A couple of weeks ago i raised a question on twitter if someone had a recommendation regarding a free vSphere monitoring tool. I received quite a lot of answers but not that many fulfilled my customer requirements:
- Free of charge.
- Must be able to monitor the virtual machine virtual hard disk utilization e.g. only 10% free space left on the device.
- Must be available for commercial purposes.
- E-mail notification must be included.
My customer runs VMware vSphere 5.1 and that is the only information i’ll include in this blog post about my customer. I’ll not e.g. discuss their monitoring solution before the new solution was implemented.
I decided to try Veeam One Free Edition 6.5 that can be downloaded here. I’ll cover the alarm definition section of the monitoring part of Veeam One in this blog post meaning the Reporting part of Veeam One is not mentioned at all.
The installation of Veeam One free edition is really simple, just follow the Veeam deployment guide that can be downloaded here. We decided to use a MSSQL 2008 database hosted on a separate system instead of using the SQL Server 2008 R2 Express included in the installation package.
There are a lot of pre-defined alarms in Veeam One but we did not leave all pre-defined alarms enabled, we disable quite a few alarms. The reason for not keeping all pre-defined alarms is that i think an alarm, no matter if it is from a VMware vSphere environment or any other environment, should require an action by the group receiving the alarm.
There might be useful alarms provided by Veeam One excluded from our monitoring configuration and the reason is that no process exists today to take care of these alarms.

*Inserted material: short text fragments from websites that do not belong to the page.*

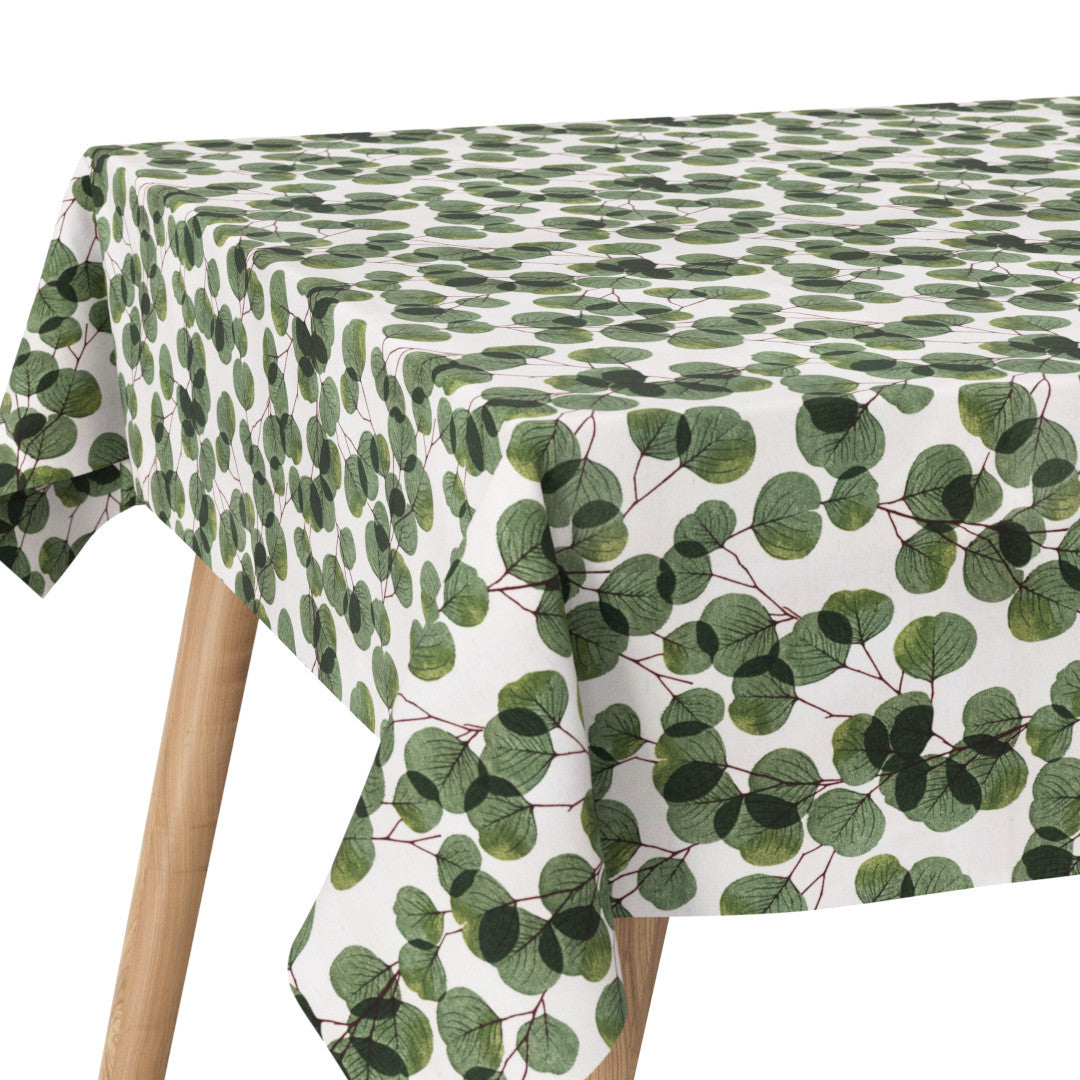 På bordet Hjärtblad - textilduk med vackra hjärtformade blad och halkskydd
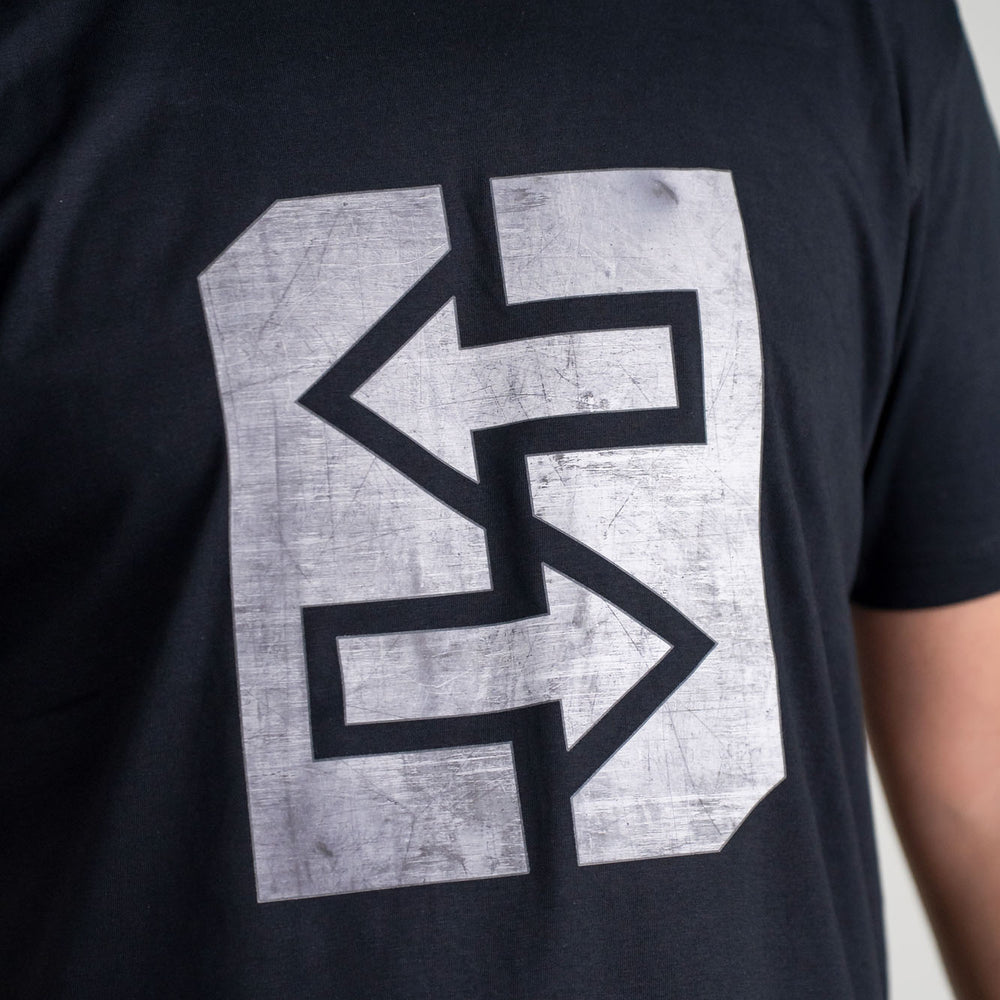 T-Shirt mit grauem Logo, das Stärke und Unzerstörbarkeit ausstrahlt. Ideal für Werkstatt und Freizeit.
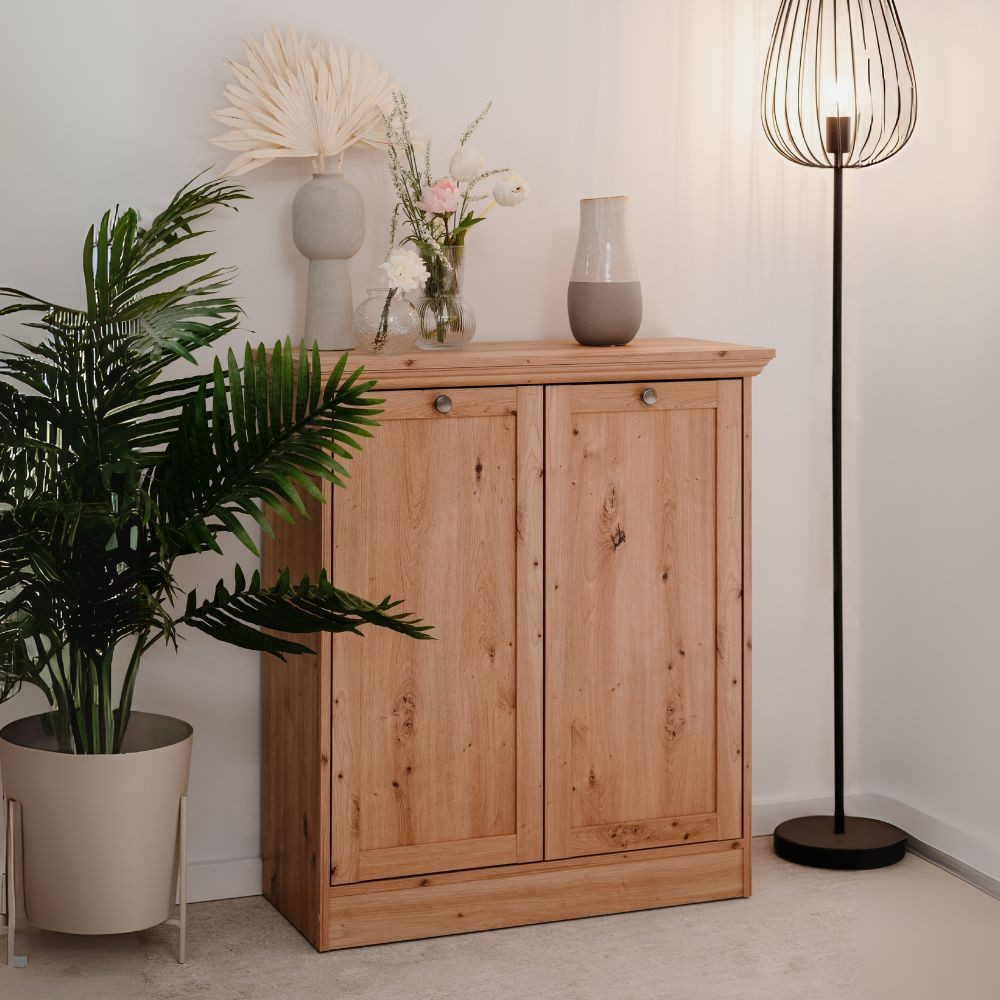 credenza timber 01a con 2 ante colore rovere anticato, vista ambientata in soggiorno, sala da pranzo o ingresso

Things happening within the vSphere environment that does not require an immediate action but is useful, for e.g. system administrators or system owners, can/should be included in a report process rather than in the monitoring process.
The below table presents the Veeam One Monitoring objects included in our initial monitoring configuration but does not include the customer action associated with the Veeam object alarm.
Whenever a Veeam object is added, removed or reconfigured and/or the associated customer action is changed the table must/will be updated.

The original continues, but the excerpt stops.